Overlooking Evans Street from the 8th Street Viaduct. That red semi is just parked there with nobody in it. We're looking towards the Waldvogel Viaduct.

This rusted sign - assuming anyone notices it at all - greets folks going south on McLean at the east approach of the 8th Street Viaduct. It says Cleves is 15 miles from here if you use the viaduct. The sign adorns one of the columns that supports the rail viaduct that crosses over this approach. The rail overpasses here bore construction dates of the early 1930s, and that's probably when this sign was posted, since it uses that old squarish font.

Standing on Dalton Avenue, looking east at the Freeman Avenue overpass. Freeman itself is approaching the 6th Street freeway (US 50). That train was moving when I took this photo.

In the industrial ruins (ha ha, RUINS!) of Queensgate there's this weird little rail bridge that often pops into view. It goes over Mehring Way near 5th & Freeman, and it has this odd, somewhat lopsided framework. I believe that here we're looking west into that bridge. With nothing but a few piles of dirt there now, I figured this would be the only chance to get this view before this block is redeveloped. I'm assuming the area in the foreground with the dirt piles is around 3rd & Baymiller. That part of 3rd that I photographed in 2004 was now almost totally demolished, and Baymiller had also declined considerably in the intervening 2 years. The red spot to the left of the strange rail bridge is some type of signal, and the bridge running horizontally in the background is the Ludlow rail bridge. That high rise in Price Hill reappears in the background.

This is that isolated part of 5th Street that runs east off Mehring & Freeman and hits a dead end. This street had also declined considerably since 2004, even as they've cut down the weeds. The dead end is at a guardrail that appears as a very thin line in this pic. Apparently it wasn't many years earlier that 5th continued past this end and passed over a rail line. With Carew Tower straight ahead you can see how this stretch of 5th lined up with the part of 5th downtown.

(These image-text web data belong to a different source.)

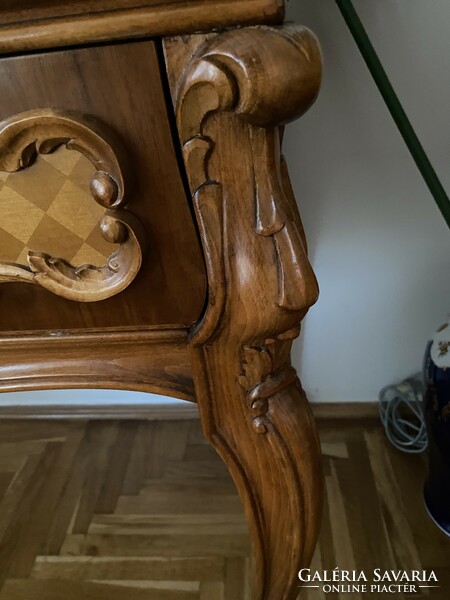 Chest of drawers, walnut, marquetry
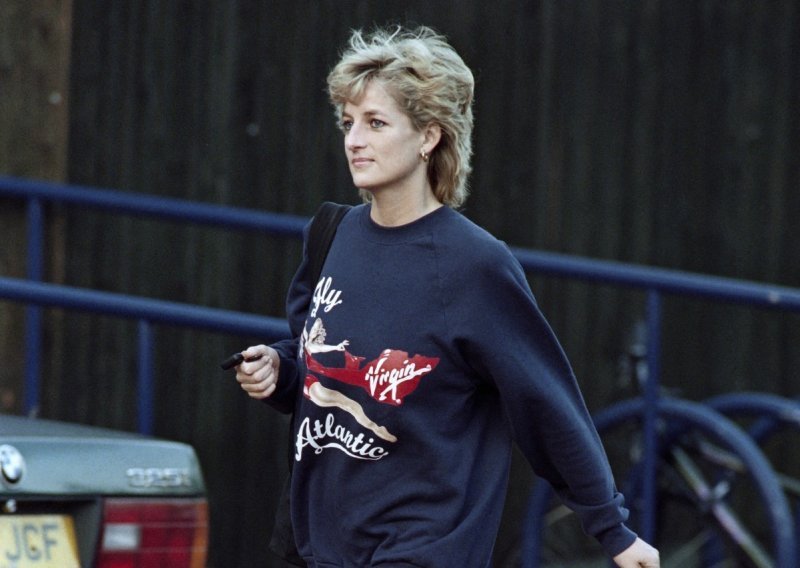 Povratak najtraženije majice 90-ih: Svi žele komad koji je Lady Di nosila iz inata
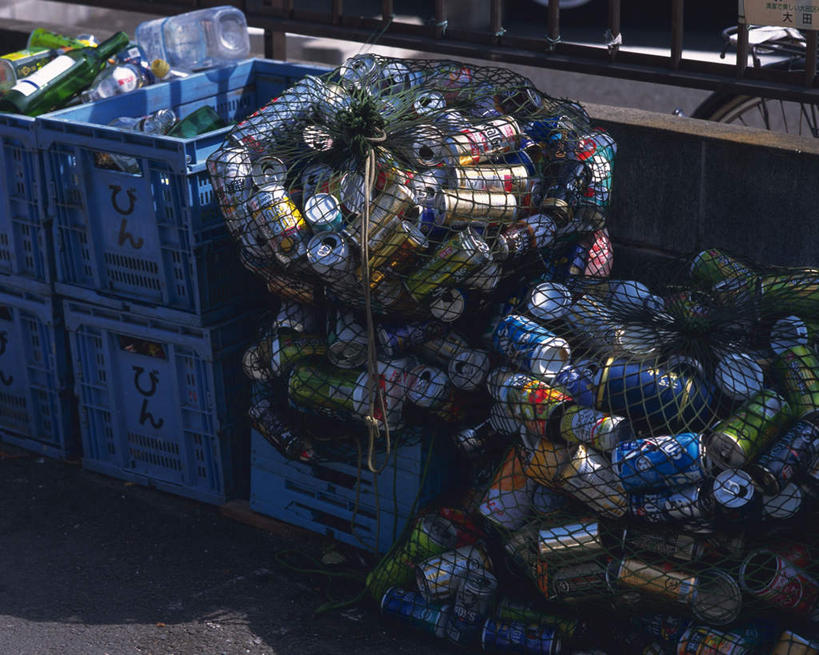 无人,横图,俯视,室外,特写,白天,静物,五个,一堆,许多,阴影,堆叠,堆积,环保,破碎,光线,罐子,网,影子,墙,垃圾,地面,墙壁,墙面,玻璃制品,蓝色,黑色,阳光,玻璃瓶,瓶子,肮脏,易拉罐,堆,捆绑,回收,资源,碾压,利用,低碳,循环,污渍,板条箱,彩图,高角度拍摄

Carr Street, running north off Mehring and looking at the floodwall. I'm not a civil engineer (because that opportunity was robbed from me), so I don't know exactly how the floodwall works. There must be a way to close the opening in the floodwall when it floods - otherwise the wall would be pretty much useless - but I don't see how.

Or maybe not.

Looking west on Mehring Way as a rail viaduct runs above it in the same path. The road goes through the floodwall here. I don't remember this ever being US 50, so the sign must refer to the 6th Street freeway, not Mehring itself.

The sidewalk along Mehring continues through this doorway-like gap in the floodwall. On the left the rail viaduct still runs over Mehring. This is about where the styrene odor that looms through the air disappears in favor of a more poo-like stench.